Some of these were marvellously intricate, and the Marquis of Worcester; who is believed to have constructed the first practical steam engine, claimed success for one in 1655. (‘Worcester’s biographer, Henry Dircks, published in 1861 a comprehensive survey of the preceding three centuries of perpetual motion.)

This was pre-dated by the Italian philosopher Zimara, who in 1518 proposed a crank (inoperable, incidentally) for linking a windmill to a set of bellows aimed at it. Interconversion between forms of energy, here wind and mechanical energy, is a characteristic concept of perpetual motion. Perpetual motion was eminently respectable during the Renaissance: contemporary with Zimara, Leonardo da Vinci was involved in drafting sketches for six designs. By far the most common proposals concerned self-propelling water wheel. The water mill was the dominant mechanical device in Europe; what could be more natural than to harness its power to raise the water once more. The aptly named Robert Fludd ‘1574-1637), an English physician, and Georg Bockler, of Nurnberg, were two leading visionaries of this kind. It mattered little that John Wilkins, Cromwell’s brother-in-law and later Bishop of Chester, tested a similar scheme unsuccessfully during the Civil War, and pronounced his scepticism in 1648. Perpetual motion was in the air of the time. Wilkins, in fact, continued to be fascinate by perpetual motion to the end of his life.

The decline of a great many superstitions in the Age of Reason left perpetual motion untouched, for it could still be phrased as a scientific hypothesis. Indeed, proposals proliferated from the 1720’s onwards. The 18th century also saw the first clock to be powered by changes in atmospheric pressure, giving an illusion of perpetual motion, by the London clockmaker James Cox. It now rests in the Victoria & Albert Museum.

In the last century, while the laws of thermodynamics were being established, the harnessing of electromagnetism led to a new series of proposals. These all essentially coupled motors back to generators. In fact, the earliest coherent magnetic proposal goes far as back as 1570, when a Jesuit priest suggested that an iron ball, rolling down a ramp under gravity, could be drawn back along a different path by a magnet. We now know that any magnet strong enough to do this would keep the ball from rolling in the first place.
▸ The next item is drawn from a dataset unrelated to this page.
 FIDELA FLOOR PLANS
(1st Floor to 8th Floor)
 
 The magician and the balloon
The combination, last century, of the mechanic explosion and popular ignorance led to exploitation and fraud. E.P. Willis, a machinist of Connecticut, charged admission to view an asymmetrical-wheel machine, which he set up in New Haven and subsequently New York. It was maintained in a glass case and was actually powered by compressed air passed up a strut and over one of the gears. Willis simply challenged viewers to state hew the machine could run, rather than claim perpetual motion.
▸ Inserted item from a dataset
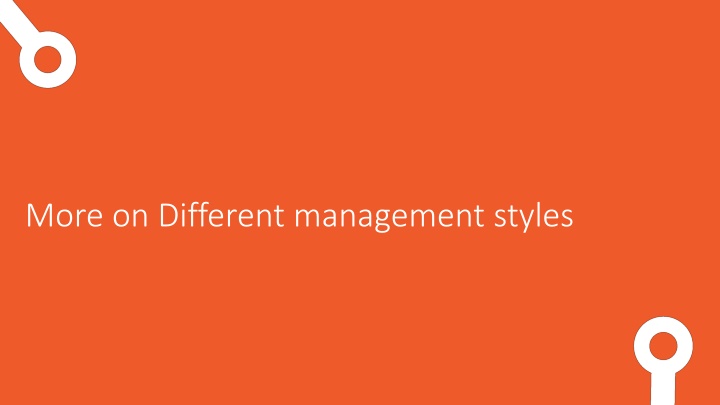 more on different management styles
No such constraints attached to Charles Redheffer, who in 1812 set up a machine in Philadelphia which ran unceasingly. Needless to say, viewing was not free of charge. A team of experts sent to examine it in connection with Redheffer’s application for funding detected that the wear on two connected gears was on the wrong side, and were satisfied that fraud was involved. They did not detect its nature, but instead built a similar machine with concealed clockwork, and a winder disguised as an ornamental knob. Redheffer privately offered its owner, Sellers, a large sum to reveal his secret. Instead, Sellers denounced Redheffer. Worse was to come in New York, where Redheffer, undaunted, built a further machine. The submarine pioneer, Robert Fulton, recognised its uneven speed through one cycle as characteristic of a crank (appropriately), and denounced it on the spot. He then dismantled a suspicious-looking support strut to reveal a catgut-belted drive, run by a man turning a wheel in a nearby room. The crowd, which had paid $5 a man, then a large sum (ladies free, for some reason) demolished the remainder, and Redheffer fled.

Perhaps the finest fraud was perpetrated by John Keely, again of Philadelphia, In 1875 he unveiled a complicated variant on the steam engine, into which he would blow for half a minute and then pour in five gallons of water. After a whizzbang show of manipulating various valves and taps, he would then announce that the apparatus was charged with a mysterious vapour, at a pressure of 10,000 pounds to the square inch. Keely claimed that the power source was the disintegration of water. Latterday enthusiasts prefer, like Keely, to tap new forms of energy, rather than deny its conservation. This is theoretically possible but it is highly unlikely that easily exploitable new forms will be found.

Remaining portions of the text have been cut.